The Clever Boys are no more after Tshakhuma Tsha Madzivhandila Football Club bought their franchise on the eve of the club’s century celebrations.

One quick recollection George Mogotsi, who has spent the last 36 years at the club and Derek Blanckensee, who also spent over three decades with the team, have is the infamous breakaway from the then National Professional Soccer League (NPSL) during the height of apartheid in the 80s.

The NPSL was the title of a South African association football league, between 1971 and 1995. During those years, the league, however, had three completely different organisations. In 1971–77 it was only for Black South African teams including Orlando Pirates, Kaizer Chiefs, Moroka Swallows Big XV and Zulu Royals.

Then it merged with National Football League, which previously had been organised only for White South African players in 1959–77. The two leagues together formed a new topflight “non-racial” football league in 1978–84 (also named NPSL), where the “white teams” could field a maximum of three black players.

When the NSL was introduced in 1985, Wits were part of the teams that campaigned in the revamped professional division in the country.

The Students, then a “white team” had no hesitation in joining the likes of Orlando Pirates and Kaizer Chiefs in the newly established NSL at the height of apartheid.

Blanckensee recalls how Wits broke numerous apartheid laws to play in the townships without permits. And there is one Soweto outing he remembers vividly as though it were yesterday.

“I was on the bus with the team when we went into Soweto to play out first match in a township. We had been warned by the government that we would be breaking the law, but Raymond Hack and Ronnie Schloss (Chairman and President at the time) responded that if needs be we should be arrested and detained, but we would not apply for a permit,” Blanckensee says.

Luckily, on that particular day The Students’ bus made it to the Orlando Stadium without being stopped.

“The old Orlando Stadium had a big sand parking area on the east side. As the bus approached it seemed to us that the whole crowd was standing in the parking area instead of being inside the stadium,” Blanckensee says of his first visit to the township. It was jam packed. This ‘brave white team’ had attracted a massive crowd.

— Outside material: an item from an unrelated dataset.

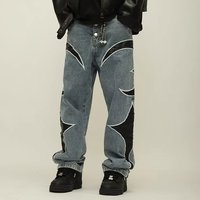 Men’s Clothing Hiphop Patchwork Contrast Jeans Men’s Loose Trendy Straight Casual Mopping Pants Men’s Clothing Hiphop Patchwork Contrast Jeans Men’s Loose Trendy Straight Casual Mopping Pants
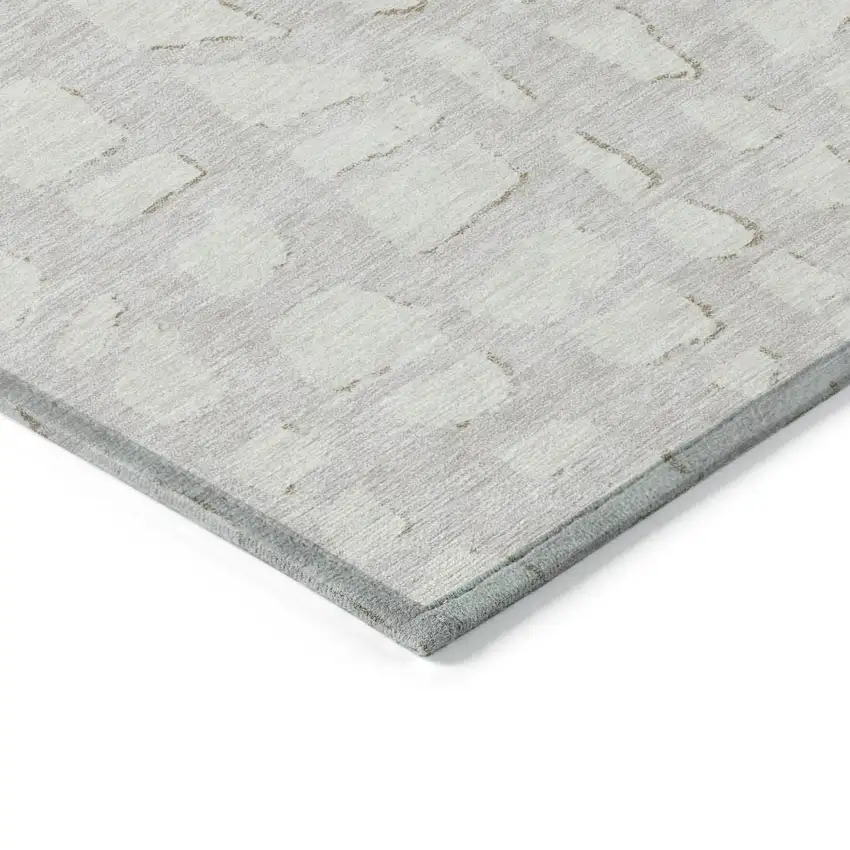 Ivory And Beige Abstract Washable Indoor Outdoor Area Rug Photo 3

“To be honest, as a young guy going into a township for the first time, this made me a little nervous. As the bus turned into the parking area, the crowd, as one, broke out into applause. They were there to welcome us, and presumably to recognise the stand we had taken against the authorities,” he says.

Mogotsi recalls another time when Schloss landed in trouble with apartheid police over breaking similar curfews.

“I remember playing at Orlando Stadium and our bus windows were broken after we beat Kaizer Chiefs. Professor Schloss was arrested for being in a township (as a white man). It was not easy to be honest,” he says, adding that they ended up adopting Mbombela Stadium as their home base.

Mogotsi says the coming in of Zephania Nxumalo, a former African Wanderers star, who hailed from Durban as well as Mike Mangena and Mike Ntombela changed everything.

“The coming in of black players changed everything. We were playing good football and we were a progressive team,” he says.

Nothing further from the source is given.